If you can't read the window sticker it's the classic "trucks are red tractors are green"


----------



## Vol (Jul 5, 2009)

I noticed the flaps too... .

Regards, Mike


----------



## sixtyninegmc (Jul 20, 2011)

Classiest looking ford I've seen in a long while.


----------



## JD3430 (Jan 1, 2012)

Makes me sad. I remember Fords hayday. Ford farm equipment, Ford Louisville trucks, Ford backhoes and farming dealerships.
IMO, they should have stayed in the game.


----------



## FarmerCline (Oct 12, 2011)

I didn't know Ford made road tractors.....I have never seen one before. When did they quit making them and why?


----------



## gearhartfarms82 (May 10, 2015)

Sold to sterling. Good trucks we have had a few


----------



## PaMike (Dec 7, 2013)

Some of the guys that had Ford trucks are diehard.

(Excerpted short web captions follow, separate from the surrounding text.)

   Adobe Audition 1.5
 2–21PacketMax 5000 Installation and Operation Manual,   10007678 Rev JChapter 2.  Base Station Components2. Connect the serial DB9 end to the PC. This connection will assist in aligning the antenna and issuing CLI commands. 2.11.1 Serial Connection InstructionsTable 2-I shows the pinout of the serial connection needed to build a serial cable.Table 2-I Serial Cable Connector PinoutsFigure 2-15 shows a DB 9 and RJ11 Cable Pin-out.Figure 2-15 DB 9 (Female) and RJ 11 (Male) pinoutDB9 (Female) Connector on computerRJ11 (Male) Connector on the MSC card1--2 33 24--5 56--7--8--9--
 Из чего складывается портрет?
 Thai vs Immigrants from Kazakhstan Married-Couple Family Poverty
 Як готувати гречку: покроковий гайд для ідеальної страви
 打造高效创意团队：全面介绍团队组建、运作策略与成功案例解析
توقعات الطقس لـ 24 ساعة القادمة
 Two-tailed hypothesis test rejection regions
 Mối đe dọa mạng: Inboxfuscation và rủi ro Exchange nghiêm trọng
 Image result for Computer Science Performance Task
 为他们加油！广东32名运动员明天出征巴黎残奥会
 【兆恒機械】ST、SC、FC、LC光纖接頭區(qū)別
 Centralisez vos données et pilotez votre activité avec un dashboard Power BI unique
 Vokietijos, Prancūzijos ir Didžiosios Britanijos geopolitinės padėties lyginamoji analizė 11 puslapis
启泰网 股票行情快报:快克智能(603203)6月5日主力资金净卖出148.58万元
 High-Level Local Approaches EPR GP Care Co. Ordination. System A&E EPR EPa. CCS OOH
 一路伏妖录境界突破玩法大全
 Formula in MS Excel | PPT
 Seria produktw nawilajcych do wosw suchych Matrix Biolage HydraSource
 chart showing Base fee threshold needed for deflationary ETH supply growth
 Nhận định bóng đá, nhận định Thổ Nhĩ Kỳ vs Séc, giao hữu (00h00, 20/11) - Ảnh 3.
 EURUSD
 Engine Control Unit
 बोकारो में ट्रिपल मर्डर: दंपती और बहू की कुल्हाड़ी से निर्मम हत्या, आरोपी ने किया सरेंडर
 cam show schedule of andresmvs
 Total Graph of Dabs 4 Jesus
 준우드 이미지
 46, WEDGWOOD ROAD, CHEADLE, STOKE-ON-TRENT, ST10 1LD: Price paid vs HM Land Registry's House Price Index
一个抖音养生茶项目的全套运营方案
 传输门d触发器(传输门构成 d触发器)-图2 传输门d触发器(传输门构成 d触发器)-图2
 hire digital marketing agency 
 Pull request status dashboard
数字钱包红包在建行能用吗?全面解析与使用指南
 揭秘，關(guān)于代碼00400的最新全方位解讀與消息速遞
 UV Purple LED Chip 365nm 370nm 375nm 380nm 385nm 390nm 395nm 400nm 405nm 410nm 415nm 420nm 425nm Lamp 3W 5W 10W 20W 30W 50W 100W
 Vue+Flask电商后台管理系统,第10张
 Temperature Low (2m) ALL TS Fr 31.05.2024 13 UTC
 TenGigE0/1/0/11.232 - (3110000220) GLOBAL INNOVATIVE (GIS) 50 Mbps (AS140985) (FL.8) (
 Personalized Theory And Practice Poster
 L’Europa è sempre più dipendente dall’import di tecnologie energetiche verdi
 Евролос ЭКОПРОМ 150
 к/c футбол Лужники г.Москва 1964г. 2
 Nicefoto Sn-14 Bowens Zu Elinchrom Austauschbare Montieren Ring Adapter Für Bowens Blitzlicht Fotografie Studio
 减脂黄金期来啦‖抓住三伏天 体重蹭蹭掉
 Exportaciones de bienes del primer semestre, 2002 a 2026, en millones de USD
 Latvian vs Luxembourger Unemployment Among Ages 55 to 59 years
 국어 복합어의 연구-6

E.E Shenk is a company around here that does feed grinding, commodity hauling etc and they still have a fleet of older Ford trucks.

Ways cooler than the window and siding guy that had a fleet of el cominos....


----------



## Rodney R (Jun 11, 2008)

Cline,

'98 was the last year. They made an awful lot of straight trucks as well, but their market share shrank to under 10% so they got out.

Rodney


----------



## Shetland Sheepdog (Mar 31, 2011)

Here's a couple my cousin had before he sold out 11 years ago!  

He also had liquid manure tanks for them! :huh:


----------



## FarmerCline (Oct 12, 2011)

Rodney R said:


> Cline,
> '98 was the last year. They made an awful lot of straight trucks as well, but their market share shrank to under 10% so they got out.
> 
> Rodney


 I knew they made a lot of straight trucks at one time. You see a lot of Ford spreader trucks and dump trucks from the 80s-90s around here but never I had seen a Ford semi truck.


----------